To do this, Praticò and his team used human cells to show that they can control the buildup of tau via altering the levels of VP35. Besides this, they also discovered the protein’s effect on tau also depends on cathepsin D activity, which is an enzyme that breaks down the protein in cells.

In their study, the team made use of brain tissue from people suffering from either Progressive Supra-nuclear Palsy (PSP) or Picks' disease. The choice was made given these two conditions are also connected to defective tau.

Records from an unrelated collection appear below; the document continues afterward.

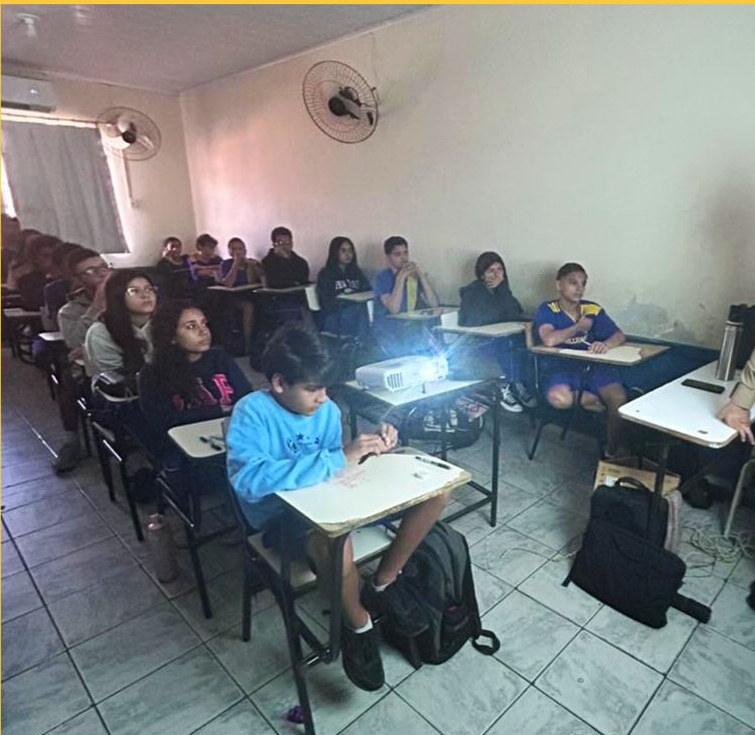 Turma do Fundamental II em fileiras de carteiras durante a aula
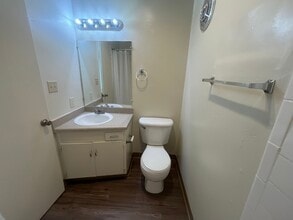 5412 Holiday Dr in Stockton, CA - Building Photo - Building Photo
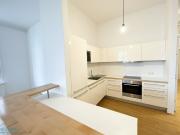 STILVOLLE ALTBAUWOHNUNG BEIM BELVEDERE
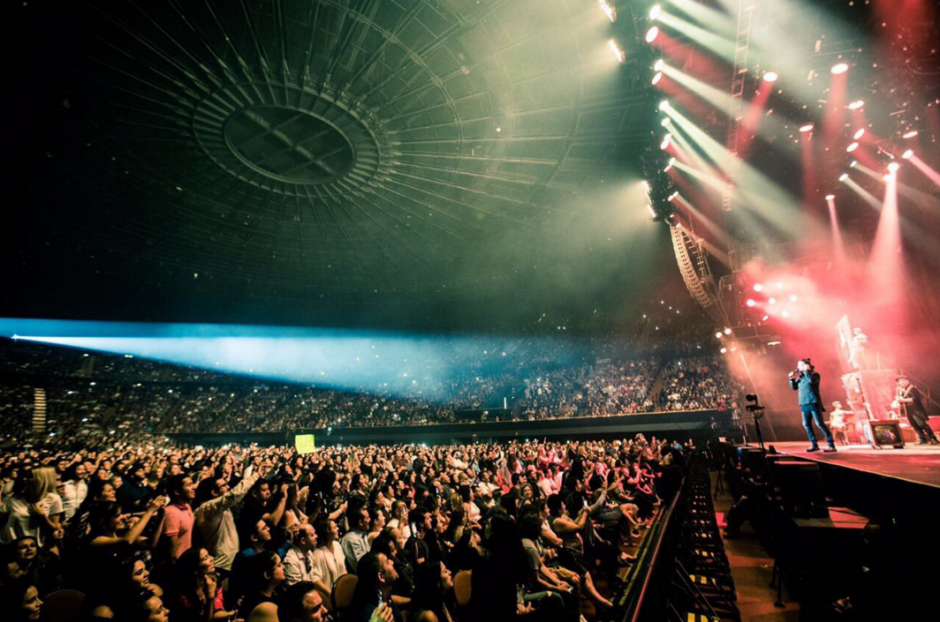 El cantautor guatemalteco atendi&oacute; una videollamada. (Foto: Twitter)&nbsp;
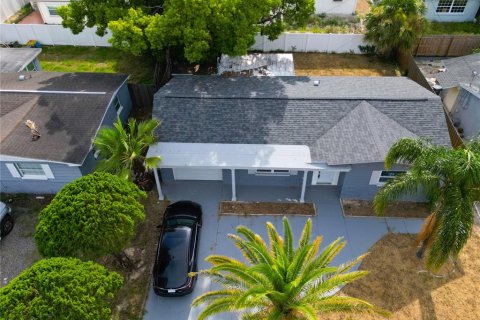 House in Holiday, Florida 2 bedrooms, 78.78 sq.m. № 1868880 - photo 3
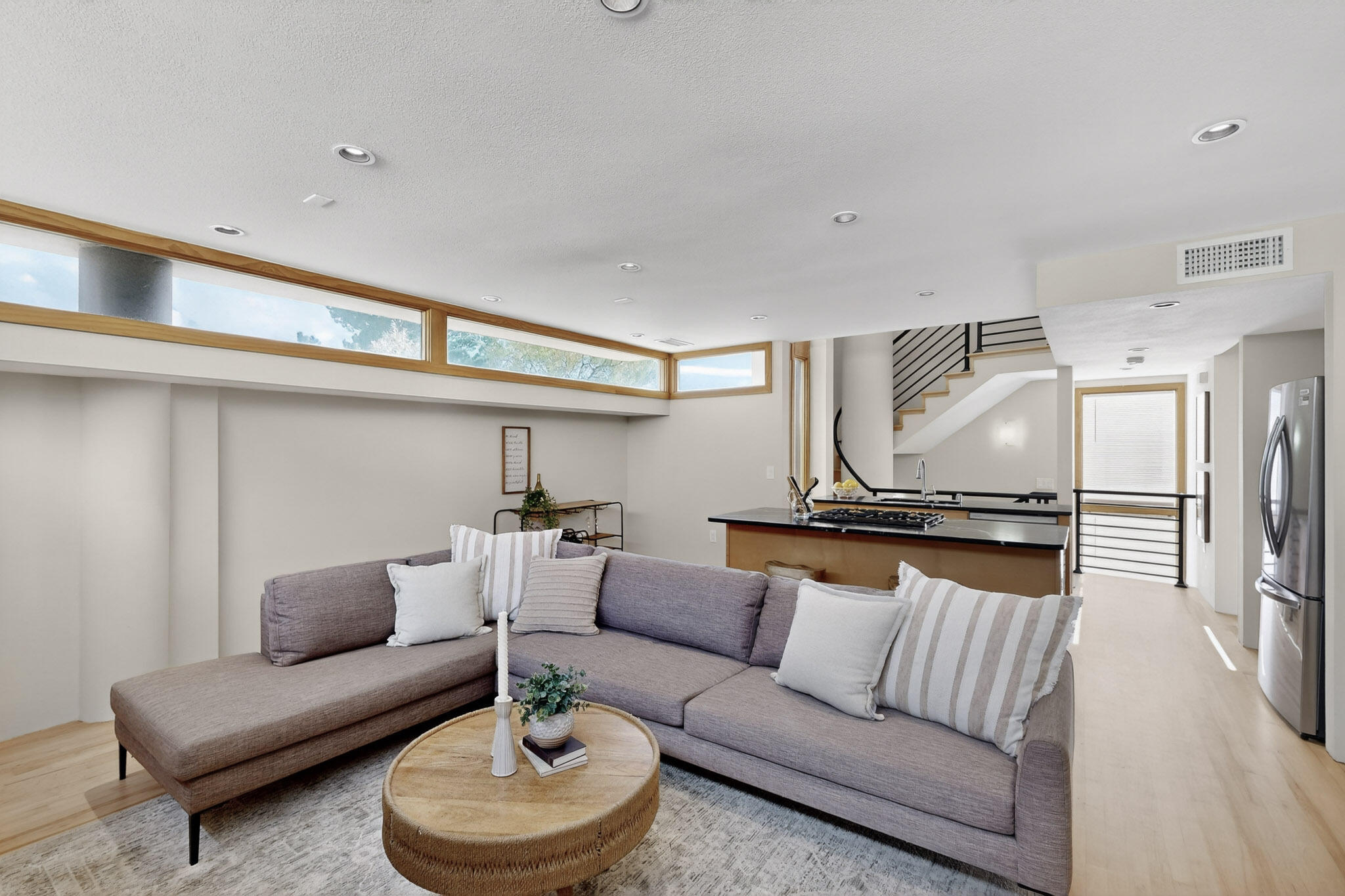 9323 HILTON Avenue NE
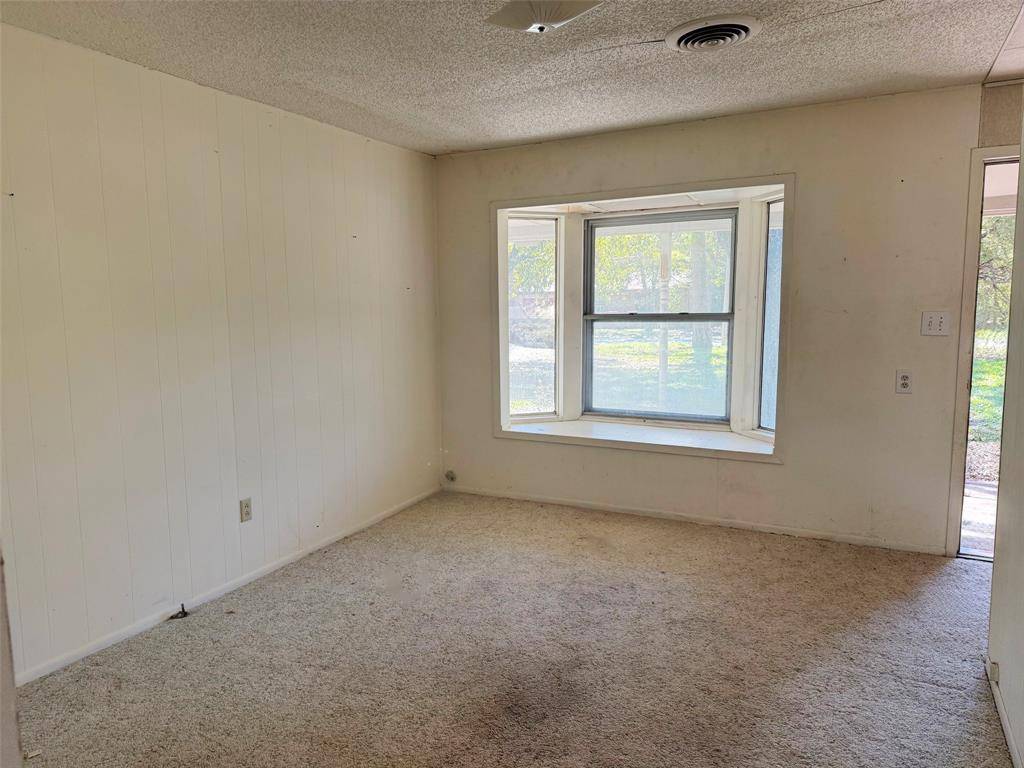 Clyde, TX 79510,102 S 2nd Street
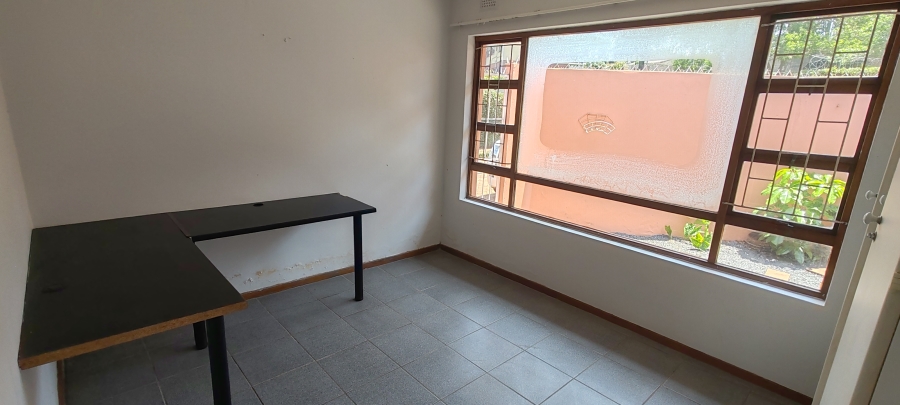 3 Bedroom Property for Sale in Uvongo KwaZulu-Natal
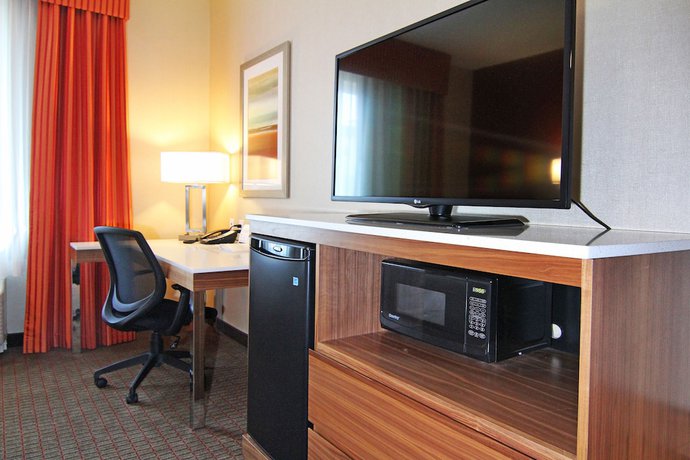 Imagen de la habitación del Hotel Holiday Inn Express and Suites Calgary Nw - University Area, An Ihg. Foto 15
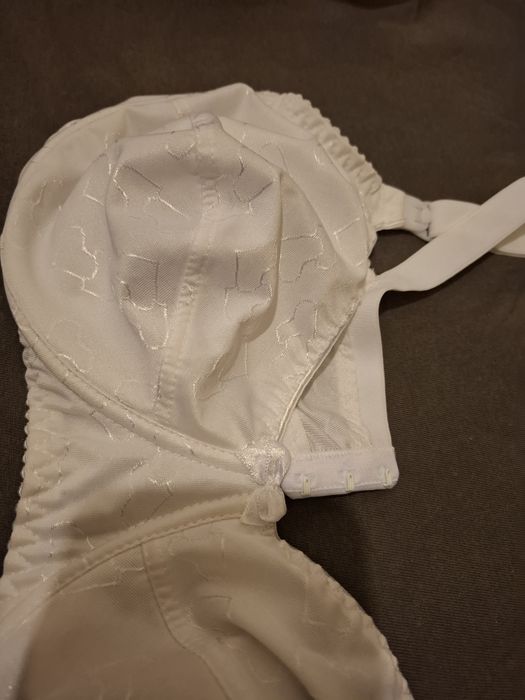 Biustonosz do karmienia 85E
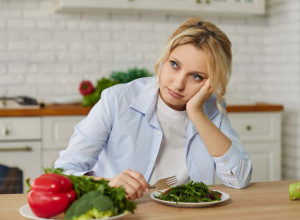 Zašto se neki ljudi NIKAD ne UGOJE, a drugi talože kilograme čim pogledaju hranu: Nauka daje odgovor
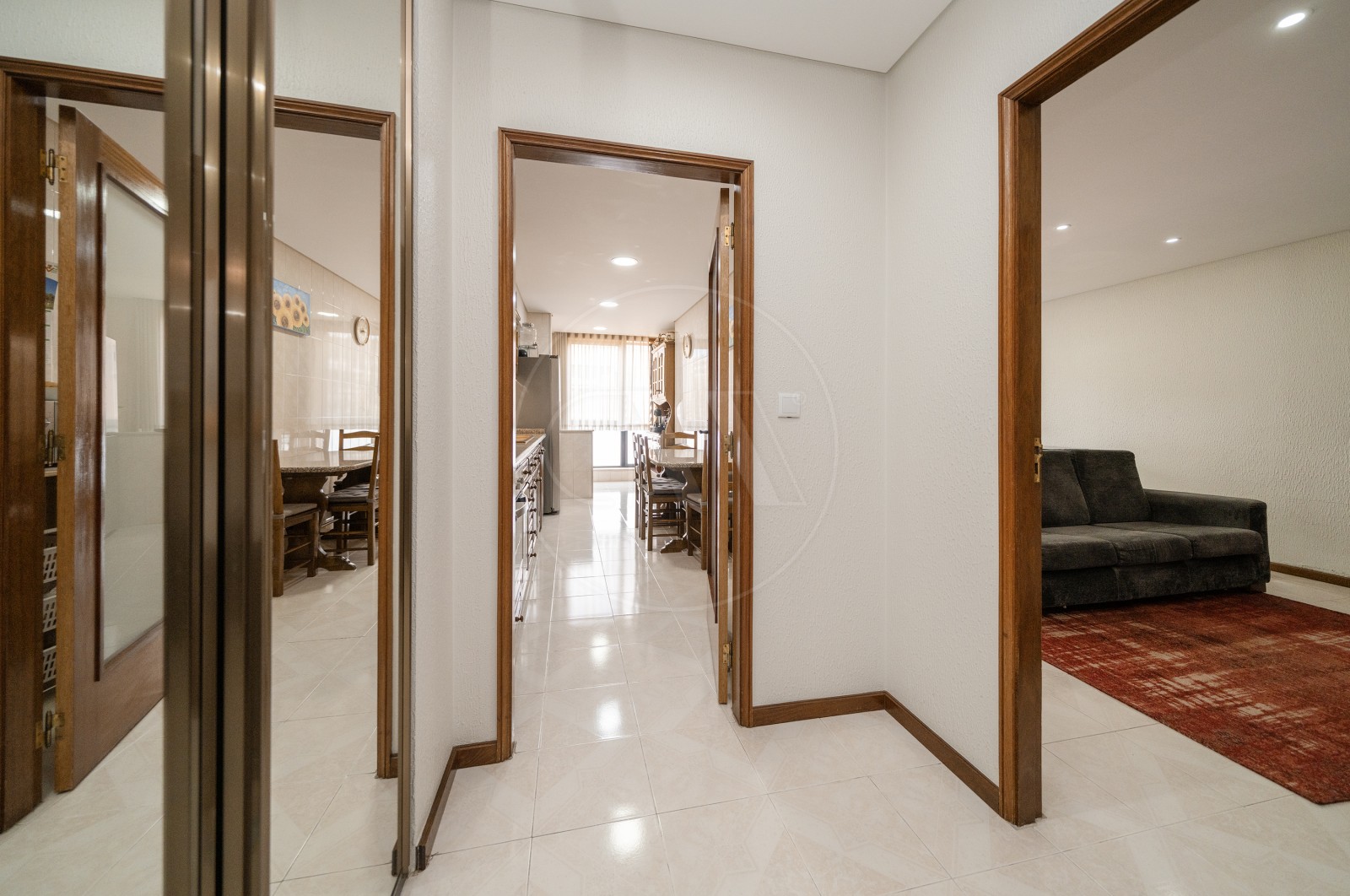 Apartamento T3 para Venda em Lomar e Arcos, Braga, Braga - Corredor (Imagem 1)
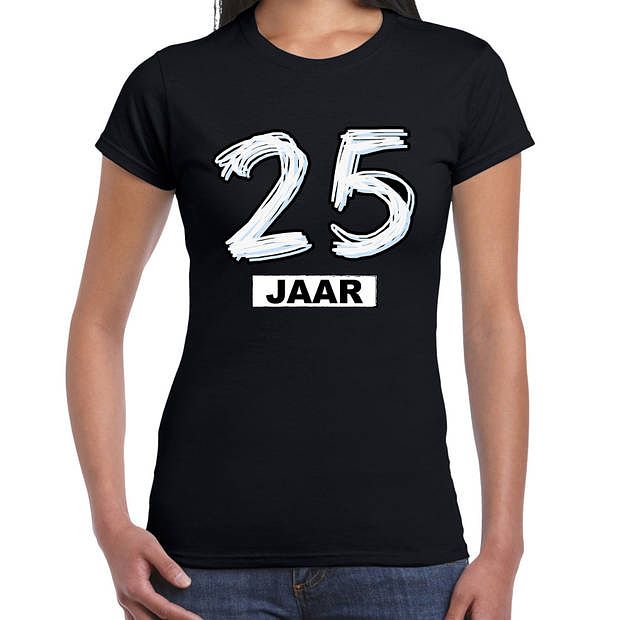 Foto van 25 jaar verjaardag cadeau t-shirt zwart voor dames xs - feestshirts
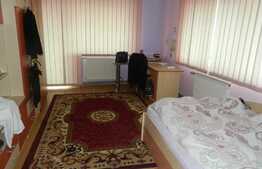 De inchiriat apartament cu 3 camere, 80 mp, parcare, terasa,  zona Expo Transilvania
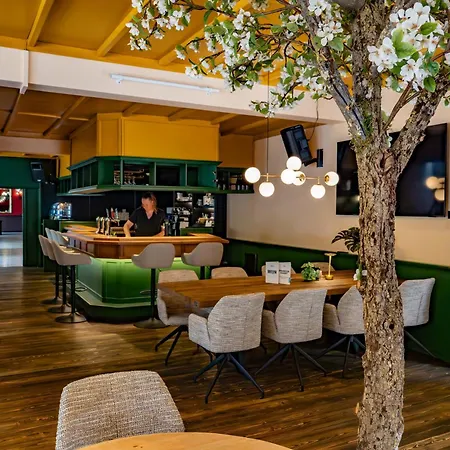 Hotel&Restaurant van Saaze-2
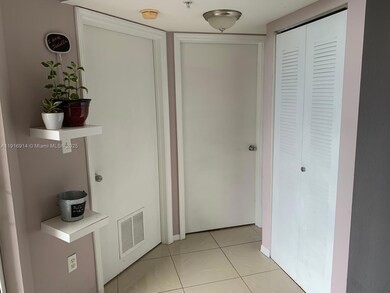 102 SW 6th Ave unit 606, Miami, FL 33130 - photo 4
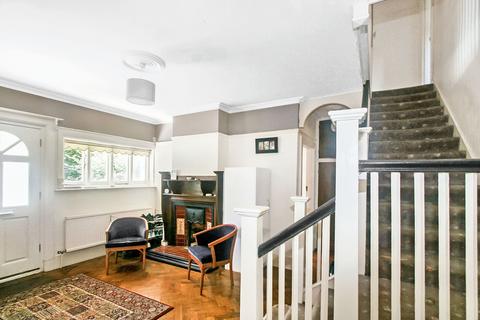 15 Cullesden Road, Kenley, CR8 5LR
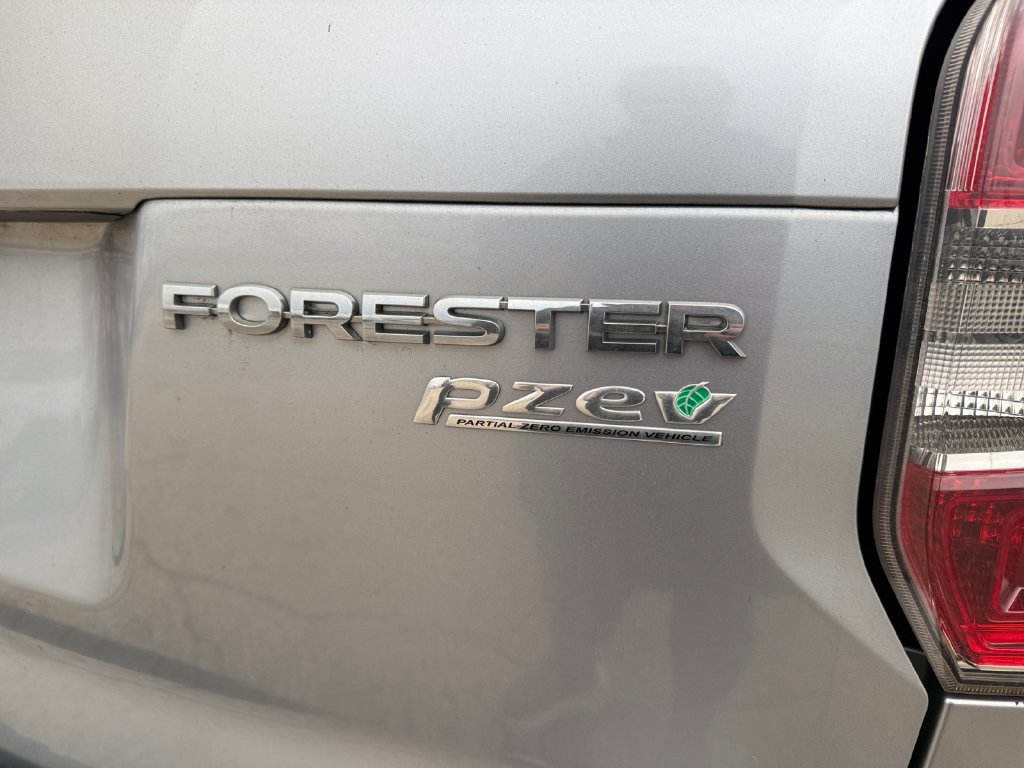 Used 2014 Subaru Forester 2.5i AWD/4WD image 15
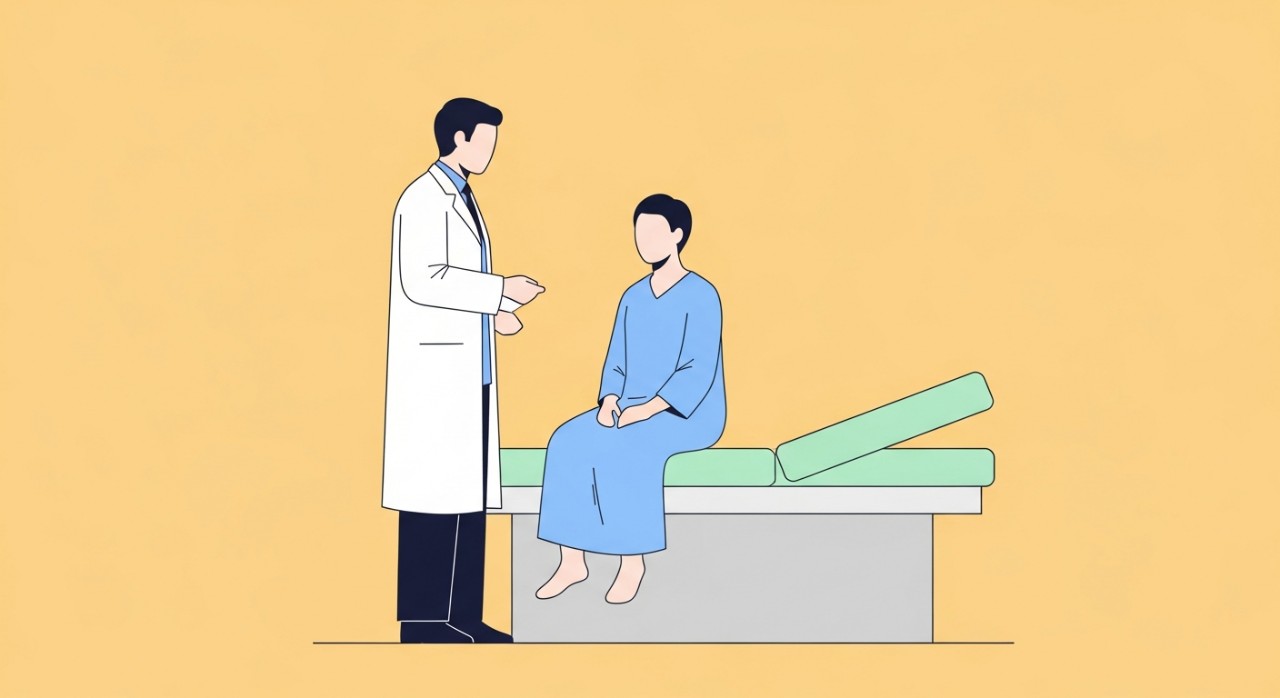 Masa Operasi Klinik Mediviron Puchong Prima Terkini 2026 2 Seorang doktor sedang berbual dan memberikan nasihat kepada pesakit di bilik rawatan klinik.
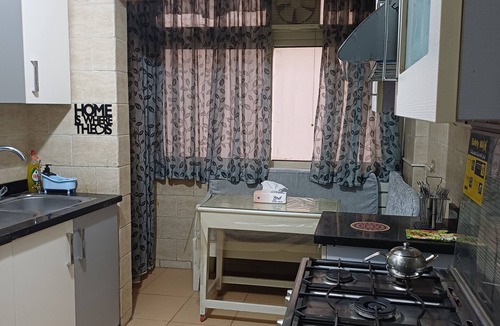 Cairo Apartment | 2-bedroom apartment in lovely Giza with AC for relaxing stays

According to previous studies, problems with VP35 is related to Alzheimer’s disease, with results showing that people with less VP35 are more likely to develop the condition later on.

However, before Praticò’s research, it was unclear how the two are connected.

Moving forward, the team plans to develop a drug that could help restore proper VP35 function in people suffering from neurodegenerative diseases, and are now planning to further investigate the possibility. The team also plans on finding another way to approach the mechanisms that cause tau buildup in the first place.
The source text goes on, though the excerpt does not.